I'm developing a Go package to access a web service (via HTTP). Every time I retrieve a page of data from that service, I also get the total of pages available. The only way to get this total is by getting one of the pages (usually the first one). However, requests to this service take time and I need to do the following:
When the GetPage method is called on a Client and the page is retrieved for the first time, the retrieved total should be stored somewhere in that client. When the Total method is called and the total hasn't yet been retrieved, the first page should be fetched and the total returned. If the total was retrieved before, either by a call to GetPage or Total, it should be returned immediately, without any HTTP requests at all. This needs to be safe for use by multiple goroutines. My idea is something along the lines of sync.Once but with the function passed to Do returning a value, which is then cached and automatically returned whenever Do is called.
I remember seeing something like this before, but I can't find it now even though I tried. Searching for sync.Once with value and similar terms didn't yield any useful results. I know I could probably do that with a mutex and a lot of locking, but mutexes and a lot of locking don't seem to be the recommended way to do stuff in go.
General "init-once" solution
In the general / usual case, the easiest solution to only init once, only when it's actually needed is to use sync.Once and its Once.Do() method.

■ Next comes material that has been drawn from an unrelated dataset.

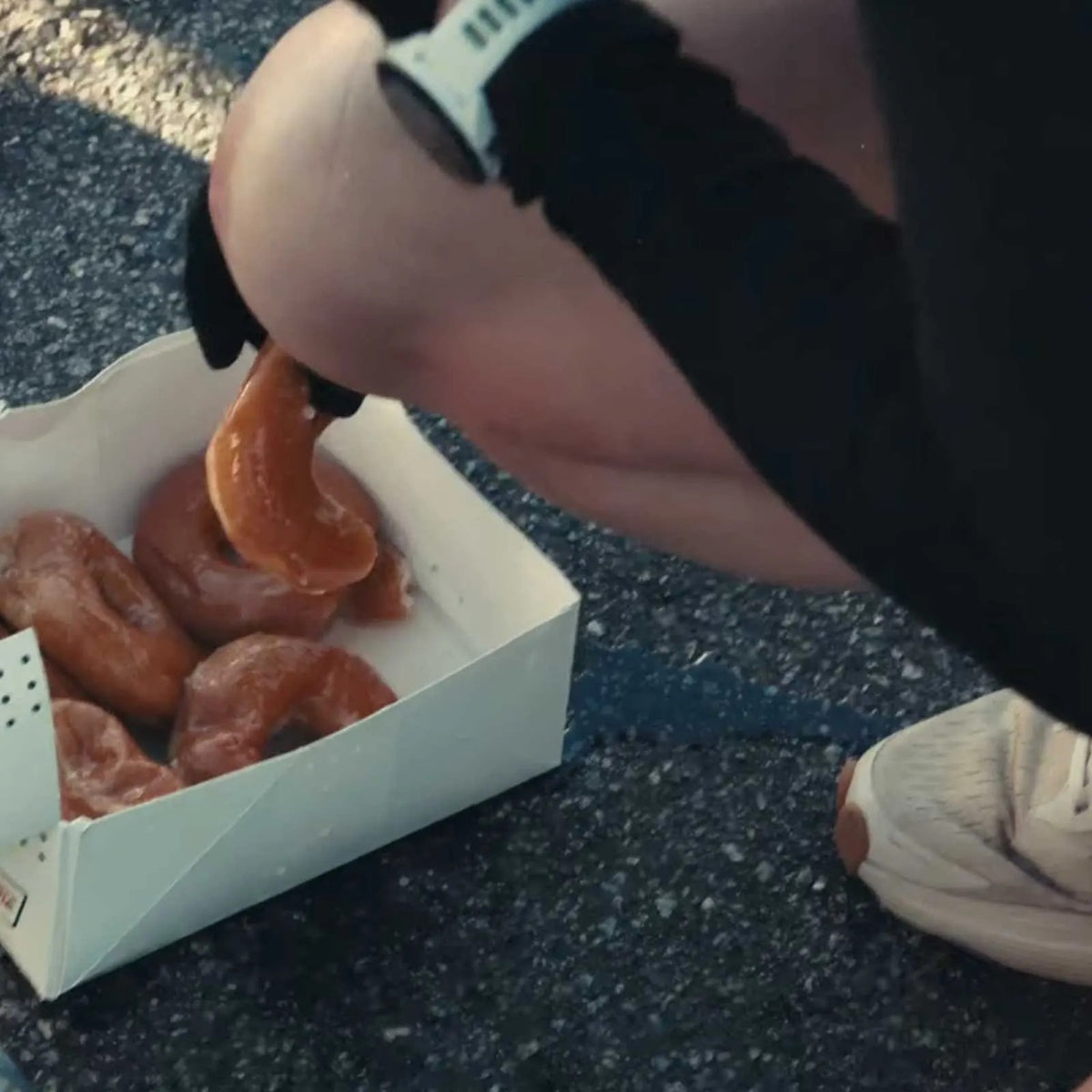 Elizabeth reaching into a box of Krispy Kreme doughnuts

You don't actually need to return any value from the function passed to Once.Do(), because you can store values to e.g. global variables in that function.
See this simple example:
var (
total int
calcTotalOnce sync.Once
)
func GetTotal() int {
// Init / calc total once:
calcTotalOnce.Do(func() {
fmt.Println("Fetching total...")
// Do some heavy work, make HTTP calls, whatever you want:
total++ // This will set total to 1 (once and for all)
})
// Here you can safely use total:
return total
}
func main() {
fmt.Println(GetTotal())
fmt.Println(GetTotal())
}
Output of the above (try it on the Go Playground):
Fetching total...
1
1
Some notes:
You can achieve the same using a mutex or sync.Once, but the latter is actually faster than using a mutex.
If GetTotal() has been called before, subsequent calls to GetTotal() will not do anything but return the previously calculated value, this is what Once.Do() does / ensures. sync.Once "tracks" if its Do() method has been called before, and if so, the passed function value will not be called anymore.

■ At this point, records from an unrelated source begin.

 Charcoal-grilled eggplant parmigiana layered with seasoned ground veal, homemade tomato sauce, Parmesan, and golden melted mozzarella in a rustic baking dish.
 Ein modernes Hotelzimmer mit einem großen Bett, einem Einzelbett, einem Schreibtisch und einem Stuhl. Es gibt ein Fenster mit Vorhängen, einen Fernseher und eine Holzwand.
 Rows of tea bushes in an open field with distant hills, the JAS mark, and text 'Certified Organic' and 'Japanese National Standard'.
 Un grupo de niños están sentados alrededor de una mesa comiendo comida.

sync.Once provides all the needs for this solution to be safe for concurrent use from multiple goroutines, given that you don't modify or access the total variable directly from anywhere else.
Solution to your "unusal" case
The general case assumes the total is only accessed via the GetTotal() function.

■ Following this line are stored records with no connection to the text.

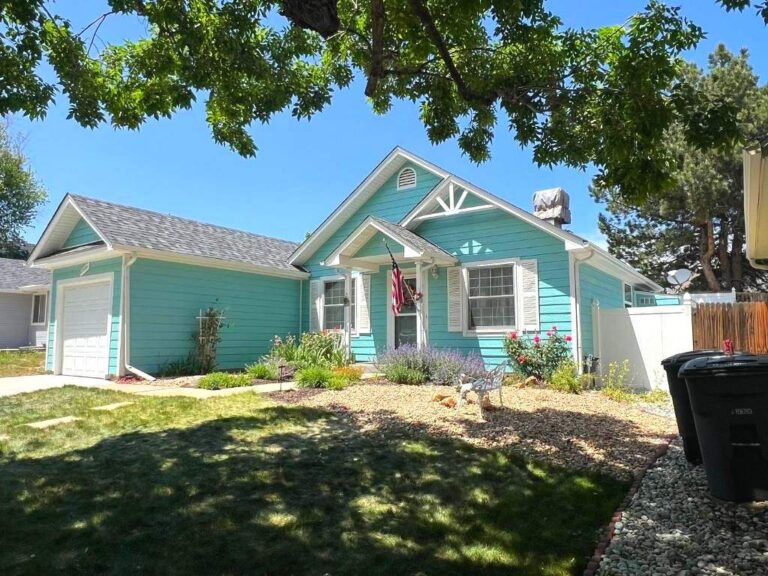 Roofing and exterior company repaired roof, gutters and installed siding on this home in aurora, colorado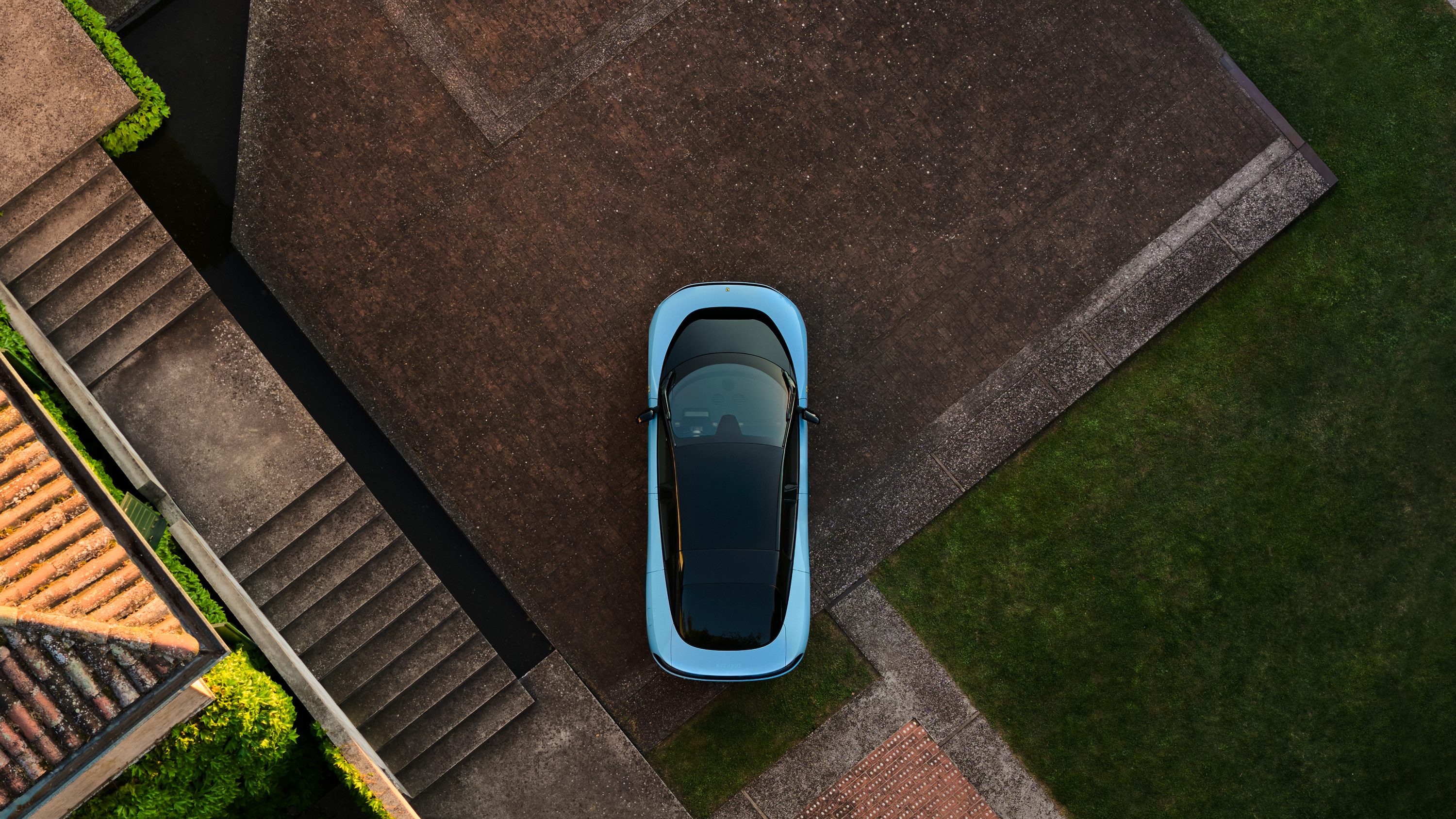 2026 Ferrari Luce overhead view showing the four-door, five-seat layout, glass roof, and active aerodynamic surfaces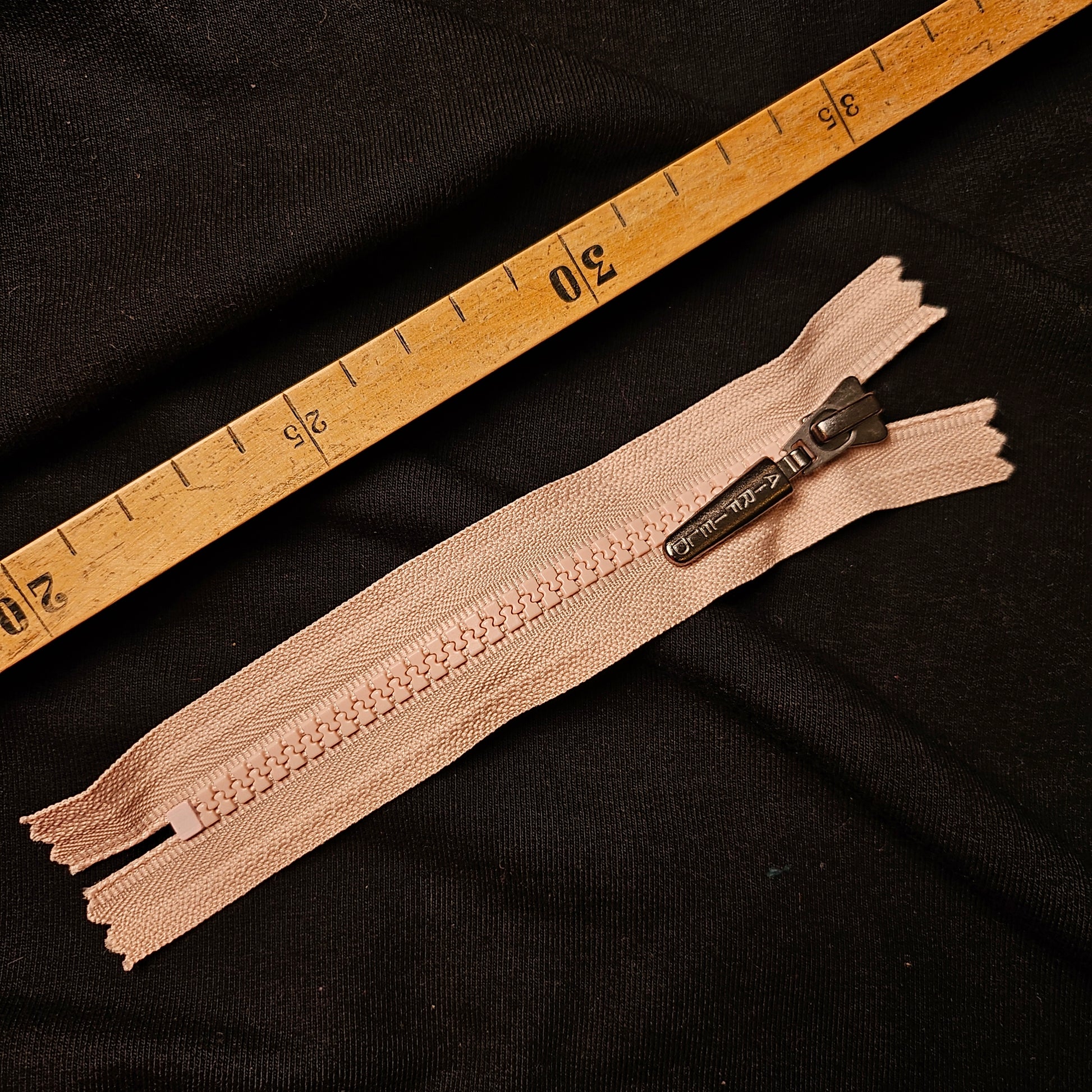 Airfield 17 cm non-separable light pink zipper with a metallic pull tab, shown on black fabric next to a wooden ruler.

In your case this does not hold: you want to access it via the GetTotal() function and you want to set it after a GetPage() call (if it has not yet been set).
We may solve this with sync.Once too. We would need the above GetTotal() function; and when a GetPage() call is performed, it may use the same calcTotalOnce to attempt to set its value from the received page.
It could look something like this:
var (
total int
calcTotalOnce sync.Once
)
func GetTotal() int {
calcTotalOnce.Do(func() {
// total is not yet initialized: get page and store total number
page := getPageImpl()
total = page.Total
})
// Here you can safely use total:
return total
}
type Page struct {
Total int
}
func GetPage() *Page {
page := getPageImpl()
calcTotalOnce.Do(func() {
// total is not yet initialized, store the value we have:
total = page.Total
})
return page
}
func getPageImpl() *Page {
// Do HTTP call or whatever
page := &Page{}
// Set page.Total from the response body
return page
}
How does this work? We create and use a single sync.Once in the variable calcTotalOnce. This ensures that its Do() method may only call the function passed to it once, no matter where / how this Do() method is called.
If someone calls the GetTotal() function first, then the function literal inside it will run, which calls getPageImpl() to fetch the page and initialize the total variable from the Page.Total field.
If GetPage() function would be called first, that will also call calcTotalOnce.Do() which simply sets the Page.Total value to the total variable.
Whichever route is walked first, that will alter the internal state of calcTotalOnce, which will remember the total calculation has already been run, and further calls to calcTotalOnce.Do() will never call the function value passed to it.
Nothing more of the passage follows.